Dr. Hilla Irani, a family doctor in Hollister for the last 24 years and for 29 years in total, agreed.
“You’re not as much in control, and there’s too many other entities telling you what to do,” she said.
Nevertheless, Irani isn’t ready to retire anytime soon.
“I’m still doing what I like,” she said. “It might be difficult at times, but if you enjoy what you do, you do it. That’s what’s satisfying.”
What makes it satisfying? The variety, the involvement in families’ lives and the notion that, in Irani’s words, “You can make a difference as a family’s physician.”
In Gilroy, Barbara said his job is “a lot less fun” than it once was – but it’s still fun.
“There are more aggravations,” Barbara said. “More paperwork … is being required by the insurance companies, while they’re paying less. Most doctors these days are working more and more and actually receiving less for it.
“The fun part, of course, is meeting new people every day, taking care of patients who have been coming to you for many years. You almost develop one big family after so many years.”
Despite their second-guessing to cut spiraling health costs, insurance companies still recognize the family physician’s key role in the health care network. They still recommend that their customers take matters to their family doctor first, not skip that step’s cost and go straight to a specialist or pharmacist.

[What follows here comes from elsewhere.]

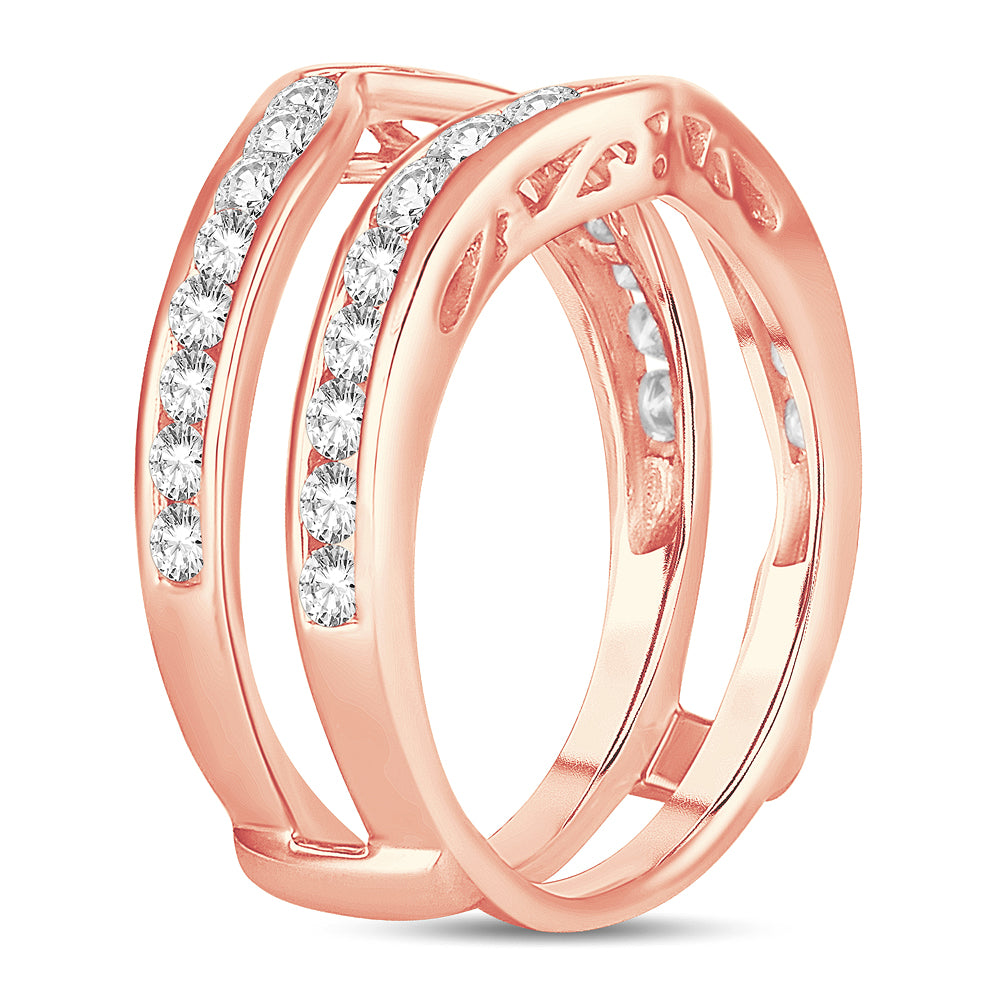 14k Rose Gold Lab Diamond Ring Guard Enhancer 1CT Sparkle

Even if one needs a specialist, Barbara said, one’s family doctor can make sure to recommend the right one.
“Many times a patient will go to the wrong specialist,” Barbara said. “They may have a headache and go to a neurologist when they should be going to an ear, nose and throat specialist, so the end result is that it’s much more costly rather than less costly.
“The insurance companies realize that’s the best system, that’s the least expensive system.”
Like Barbara in Gilroy and Irani in Hollister, Dr. Frank Huang has been developing rapport with patients in Morgan Hill for more than two decades. He moved his private practice to Morgan Hill from Ohio in 1978 and is now considering retirement in a few years.
Unlike Barbara and Irani, however, Huang doesn’t feel like HMOs have made his job any harder.
“It’s comfortable,” Huang said of his career. “If I had to make the choice (again), I would do this. I wouldn’t go into surgery.”
Why not? Simple. Malpractice insurance.
Malpractice insurance for family doctors is downright reasonable compared to that of many specialties, such as surgery and obstetrics/gynecology. Barbara estimated that a doctor like himself pays $10,000 a year, whereas an OB/GYN could pay $100,000 annually.
That’s why many family doctors have stopped delivering babies, removing tonsils and other common but major procedures, Huang said. He still does minor procedures like ingrown toenails and pap smears, he said, but he can’t deliver enough babies to afford the higher insurance.
Nelson, however, does plan to deliver babies in Hollister. That’s one of the parts of her job she likes best. The only thing that’s more fun is caring for the family as the baby grows up.